31 de maio de 2009

Piadela

Aposto que era um gracejo, pois ele afinal não era religioso, tampouco místico ou supersticioso, e obviamente sentia-se superior por isso, feito todos os céticos, os universitários inglesinhos, os modernosos e os vanguardistas, que estão na camada acima das crendices populares, dos ditados, dos chás de ervas pro figueiredo e do horóscopo.

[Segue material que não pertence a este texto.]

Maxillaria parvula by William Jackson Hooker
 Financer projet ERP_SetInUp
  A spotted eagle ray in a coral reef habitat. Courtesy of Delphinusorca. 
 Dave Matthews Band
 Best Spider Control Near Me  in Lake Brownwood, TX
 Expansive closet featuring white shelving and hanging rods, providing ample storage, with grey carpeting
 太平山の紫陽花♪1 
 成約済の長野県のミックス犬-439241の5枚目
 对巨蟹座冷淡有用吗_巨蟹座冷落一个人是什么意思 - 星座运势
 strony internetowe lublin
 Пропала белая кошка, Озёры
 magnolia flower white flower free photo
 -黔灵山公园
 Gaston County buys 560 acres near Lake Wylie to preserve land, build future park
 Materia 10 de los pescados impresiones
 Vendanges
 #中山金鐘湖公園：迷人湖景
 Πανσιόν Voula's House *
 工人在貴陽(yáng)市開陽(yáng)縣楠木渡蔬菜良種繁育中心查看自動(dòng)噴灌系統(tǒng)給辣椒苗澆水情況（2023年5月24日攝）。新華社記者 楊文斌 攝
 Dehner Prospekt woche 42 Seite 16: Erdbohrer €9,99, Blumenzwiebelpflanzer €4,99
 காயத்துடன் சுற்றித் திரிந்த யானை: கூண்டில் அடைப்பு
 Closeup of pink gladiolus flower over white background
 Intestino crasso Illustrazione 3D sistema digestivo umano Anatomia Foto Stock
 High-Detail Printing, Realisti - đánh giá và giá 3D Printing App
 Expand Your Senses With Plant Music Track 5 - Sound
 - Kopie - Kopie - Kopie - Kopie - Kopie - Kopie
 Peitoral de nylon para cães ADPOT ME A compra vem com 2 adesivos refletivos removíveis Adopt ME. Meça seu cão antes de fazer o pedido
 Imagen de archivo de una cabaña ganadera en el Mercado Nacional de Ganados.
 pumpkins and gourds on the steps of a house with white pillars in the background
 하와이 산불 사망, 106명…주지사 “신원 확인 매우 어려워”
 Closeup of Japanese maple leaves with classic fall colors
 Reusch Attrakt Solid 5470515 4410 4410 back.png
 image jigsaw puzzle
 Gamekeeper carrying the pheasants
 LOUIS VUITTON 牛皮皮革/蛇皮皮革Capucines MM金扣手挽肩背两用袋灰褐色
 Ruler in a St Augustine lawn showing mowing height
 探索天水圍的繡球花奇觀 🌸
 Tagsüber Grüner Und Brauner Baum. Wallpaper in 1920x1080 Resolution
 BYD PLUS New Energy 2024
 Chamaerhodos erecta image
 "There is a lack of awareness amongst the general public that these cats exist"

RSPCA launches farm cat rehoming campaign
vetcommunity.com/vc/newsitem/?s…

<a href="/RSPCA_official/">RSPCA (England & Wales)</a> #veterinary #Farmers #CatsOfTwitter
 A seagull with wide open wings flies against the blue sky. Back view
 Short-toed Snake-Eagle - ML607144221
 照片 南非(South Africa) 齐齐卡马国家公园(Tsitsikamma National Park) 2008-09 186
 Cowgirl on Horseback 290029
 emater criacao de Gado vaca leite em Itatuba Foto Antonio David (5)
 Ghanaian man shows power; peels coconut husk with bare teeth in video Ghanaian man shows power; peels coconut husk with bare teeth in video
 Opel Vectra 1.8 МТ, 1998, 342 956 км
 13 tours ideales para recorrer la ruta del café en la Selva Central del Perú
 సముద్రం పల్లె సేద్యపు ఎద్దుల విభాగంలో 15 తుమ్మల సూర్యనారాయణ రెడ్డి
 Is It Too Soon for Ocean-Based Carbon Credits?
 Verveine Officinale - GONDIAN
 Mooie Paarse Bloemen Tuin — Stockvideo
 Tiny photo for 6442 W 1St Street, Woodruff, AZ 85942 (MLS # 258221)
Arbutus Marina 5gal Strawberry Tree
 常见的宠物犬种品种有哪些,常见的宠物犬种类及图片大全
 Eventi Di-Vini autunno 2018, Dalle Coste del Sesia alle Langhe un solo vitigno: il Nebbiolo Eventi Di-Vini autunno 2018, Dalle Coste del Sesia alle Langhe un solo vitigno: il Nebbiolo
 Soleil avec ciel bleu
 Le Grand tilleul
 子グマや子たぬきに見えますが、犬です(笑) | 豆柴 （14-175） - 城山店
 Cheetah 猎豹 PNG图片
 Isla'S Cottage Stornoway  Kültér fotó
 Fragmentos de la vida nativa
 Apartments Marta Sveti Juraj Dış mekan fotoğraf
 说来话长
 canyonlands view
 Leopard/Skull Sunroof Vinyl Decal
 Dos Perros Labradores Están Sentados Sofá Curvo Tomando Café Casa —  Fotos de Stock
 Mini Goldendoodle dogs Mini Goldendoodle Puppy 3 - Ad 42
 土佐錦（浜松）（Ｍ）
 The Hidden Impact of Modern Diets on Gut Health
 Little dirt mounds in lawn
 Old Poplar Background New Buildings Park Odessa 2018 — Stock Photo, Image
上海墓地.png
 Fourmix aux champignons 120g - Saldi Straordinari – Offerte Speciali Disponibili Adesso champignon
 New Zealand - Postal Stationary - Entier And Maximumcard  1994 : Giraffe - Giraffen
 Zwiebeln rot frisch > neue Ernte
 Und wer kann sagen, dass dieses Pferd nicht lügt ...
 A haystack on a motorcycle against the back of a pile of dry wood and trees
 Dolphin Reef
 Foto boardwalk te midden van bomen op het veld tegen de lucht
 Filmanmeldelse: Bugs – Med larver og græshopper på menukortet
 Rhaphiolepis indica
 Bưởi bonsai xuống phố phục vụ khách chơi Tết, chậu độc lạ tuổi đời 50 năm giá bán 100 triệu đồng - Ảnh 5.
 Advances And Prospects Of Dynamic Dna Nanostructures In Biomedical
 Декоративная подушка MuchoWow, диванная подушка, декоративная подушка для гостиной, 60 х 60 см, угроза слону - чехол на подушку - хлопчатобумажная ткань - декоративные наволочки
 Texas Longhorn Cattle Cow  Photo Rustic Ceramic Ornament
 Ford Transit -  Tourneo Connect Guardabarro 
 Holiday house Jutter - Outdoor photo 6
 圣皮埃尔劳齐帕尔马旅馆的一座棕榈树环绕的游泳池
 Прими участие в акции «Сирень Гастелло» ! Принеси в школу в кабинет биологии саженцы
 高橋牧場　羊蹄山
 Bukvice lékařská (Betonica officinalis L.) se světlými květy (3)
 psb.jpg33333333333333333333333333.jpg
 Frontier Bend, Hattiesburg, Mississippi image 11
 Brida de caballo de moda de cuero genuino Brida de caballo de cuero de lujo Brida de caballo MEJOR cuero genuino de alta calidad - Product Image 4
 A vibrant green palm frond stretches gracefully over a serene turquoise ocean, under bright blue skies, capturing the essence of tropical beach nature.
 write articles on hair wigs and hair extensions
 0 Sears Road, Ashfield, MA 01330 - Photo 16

Então, logo depois de descarregar as coisas, acendeu um cigarro e foi encontrar um grupo de conhecidos, e tão logo quanto ganhou a luz fez tom de solenidade, ajoelhou-se, calculou de prévia mais ou menos o que iria dizer em segunda pessoa pra não tropeçar nas conjugações, empostou a voz e levantou os braços:

- Ó deus, tu que és piadista, rancoroso e vingativo, que tens poder criador e matador sobre a terra, que tens controle sobre essa nossa colônia de formigas, que brinca de dilúvio, que tens o fogo nas mãos, espada branca e canela fina, que tens enorme barba e entendes tudo de biologia, de Hegel, matemática e filosofia moderna, ouça minhas humildes e rústicas preces, que imploram vossa autorização pra que eu me divirta uma noite só, só essa, só hoje. Uma.
Autorizo-vos a cobrir com as trevas que vos dá tanto divertimento todos os próximos dias da minha vida depois dessa noite de prazer.

Depois concluiu, só de sacanagem, com "juro por deus."

Meia hora foi o tempo de demorou pro primeiro trovão, e sem nenhum exagero, choveu de enroscar carro e entortar guarda-chuva por seis dias, sem qualquer intervalo.

Cada classe de coisas que havia, pouco ou muito, molhou; bolo de cenoura, cabelos de Bowie, organizadores, roupas, cabos e mesas de som, decorativos e romances, e como não estavam na década de 70 o festival acabou tendo que ser cancelado.